La création de l’ensemble Cairn en 1997 par deux jeunes compositeurs, Jérôme Combier et Michel Petrossian, achevant leurs études au Conservatoire de Paris, est née d’une inquiétude – comment négocier le passage du cocon de l’école à la vie active – et du besoin d’affirmer leur existence en tant qu’artistes en créant une structure qui leur appartienne véritablement. « Nous souhaitions construire un outil pour jouer nos musiques, rassembler des interprètes et écrire de nouvelles partitions pour eux, se rappelle Jérôme Combier.

 

 

 

Les 20 ans de Cairn : Voyage au bout de l’inouï

 

 

 

CAIRN-portrait-annonce-concerts-operas-festival-j-r-me-combier-copyright-cecile-brossardL’aventure a commencé à l’issue d’un concert à la Maison Heinrich-Heine de la Cité universitaire, d’une envie commune des deux compositeurs et de leurs premiers interprètes, sans plan préétabli, sans même penser à un avenir hypothétique. « Jamais, on aurait imaginé durer vingt ans ! » souligne Jérôme Combier, qui continue à mener la barque Cairn saison après saison. Il se remémore les débuts héroïques, où il fallait tout gérer soi-même, l’élaboration des concerts, l’organisation, la publicité, jusqu’à la distribution des tracts (sous la pluie) et au nettoyage de la salle… (illustration : Jérôme Combier © C Brossard)
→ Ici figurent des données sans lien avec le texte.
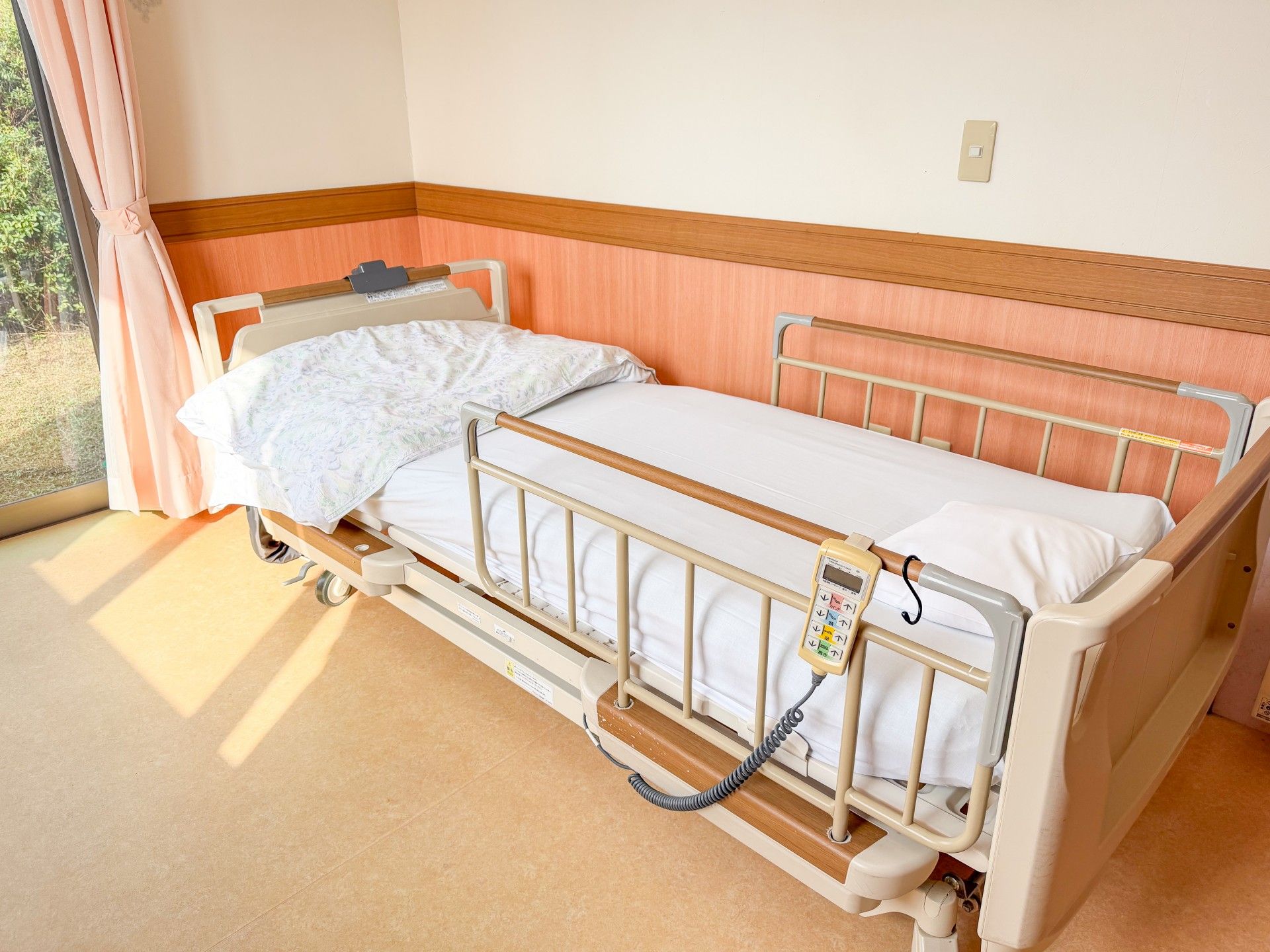 日差しが差し込むベッドルーム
Aux différents pavillons de la Cité universitaire ont succédé les concerts au Théâtre de l’Ile-Saint-Louis, avant de bénéficier de l’accueil et du soutien de l’Atelier du Plateau, partenaire indéboulonnable de Cairn depuis bientôt dix-huit ans. Premiers contrats, premiers concerts véritablement professionnels, puis premier festival, en 2005 : Why Note à Dijon.

Entretemps, l’aventure artistique et humaine a dû peu à peu se structurer pour plus d’efficacité, notamment par l’embauche d’une administratrice, Emmanuelle Sagnier, et adopter un statut associatif afin de pouvoir bénéficier des indispensables subventions. Après avoir été conventionné par la DRAC d’Ile de France, Cairn l’est depuis huit ans par la région Centre-Val de Loire, à l’invitation de François-Xavier Hauville, directeur de la Scène nationale d’Orléans.
Pour Jérôme Combier, « un soutien indispensable pour pouvoir construire des projets dans un territoire jusque-là dépourvu d’’ensembles de musique contemporaine ; un modèle que j’essaye de promouvoir auprès des autorités de tutelle. » Un positionnement régional renforcé par l’attribution en 2005 du label de «  Ensemble à rayonnement national et international ».

Seul à la barre de Cairn après le départ de Michel Petrossian, Jérôme Combier en assure la direction artistique, et Guillaume Bourgogne la direction musicale depuis 2002 des concerts dirigés. En plus d’un nouvel administrateur, Raphaël Bourdier, l’arrivée récente d’une chargée du développement, Perline Feurtey, renforce le dynamisme de l’ensemble.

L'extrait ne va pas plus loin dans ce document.